April 13, 2012 by  Filed under: Credit 

Death is often seen by many as an escape route from the troubles that world could give to an individual. You may not subscribe to such morbid notion but if you are neck-deep in debt, it is possible that you would entertain the said idea. This is because the logic behind this is pretty simple: if you die then you would certainly not have any more trouble with your debts. In fact, it is possible that those whom you have left behind in your family would not be obligated to pay for the said debts. However, it is also possible that someone else would be left to deal with the burden.

If your credit card account happens to be joint account with your wife or any other partner, then that individual would be the one who would carry the burden after you die. The bank or the credit card company would surely take steps to compel your co-account holder to pay for the debts that you have incurred using the credit card. Of course, for that person, this arrangement would just seem unfair. But that is how things turn out in such circumstance. If your wife is your co-account holder, she should just be ready to bear the brunt of the debts when you are gone.

The case is different if the credit card account happens to be yours alone. In this case, the creditor would have no other recourse but to determine whether your estate could be used to repay your debts. The first step to be taken here is that the creditor would find out if you have any property that is left behind. Before such real property could be divided among the heirs, the right of the creditors to obtain payment from the estate is secured first. There are legal statutes that would lay the bases for this action.

However, if you die without leaving behind any substantial estate, then the creditor would have to accept the fact that it has lost in the process. Since it has no one to collect the payment from, the creditor is compelled to declare that the debt is no longer recoverable. In this instance, it is actually the creditor that is left holding an empty bag. Credit card companies and banks, however, do not just easily give up their right to get paid.
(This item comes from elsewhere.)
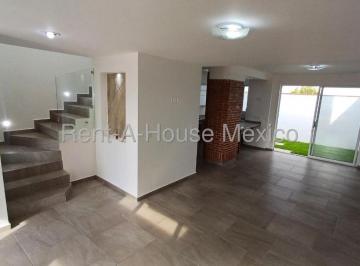 Casa de 3 habitaciones, El Marqués · Casa en Venta Ciudad Maderas, 3 Recamaras, 3 Baños, Excelente Ubicacion.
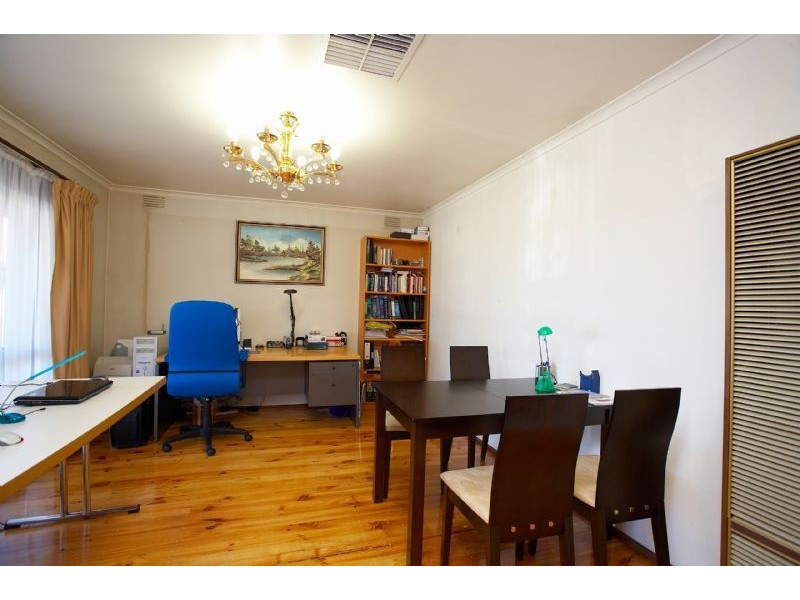 58 Main Road East, St Albans VIC 3021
They would first exhaust all options before they would accept the truth that they could no longer get anything from a dead debtor.

It must be pointed out though that there may be differences also in the treatment of such cases in other countries. In fact, in the US, the differences may even be from state to state. Because of this, is expected that a debtor should read about laws governing debts and repayments. Knowing the said laws would be enlightening. It would even encourage one to be more prudent in spending his money and in acquiring debts. After all, nobody who is sane enough would prefer death to complying with payment obligations.

Jim Oneil is a writer with a special interest in debt issues and personal finance. He has written for small local newspapers in the past and now devotes part of his time writing about debt issues and UK based financial products.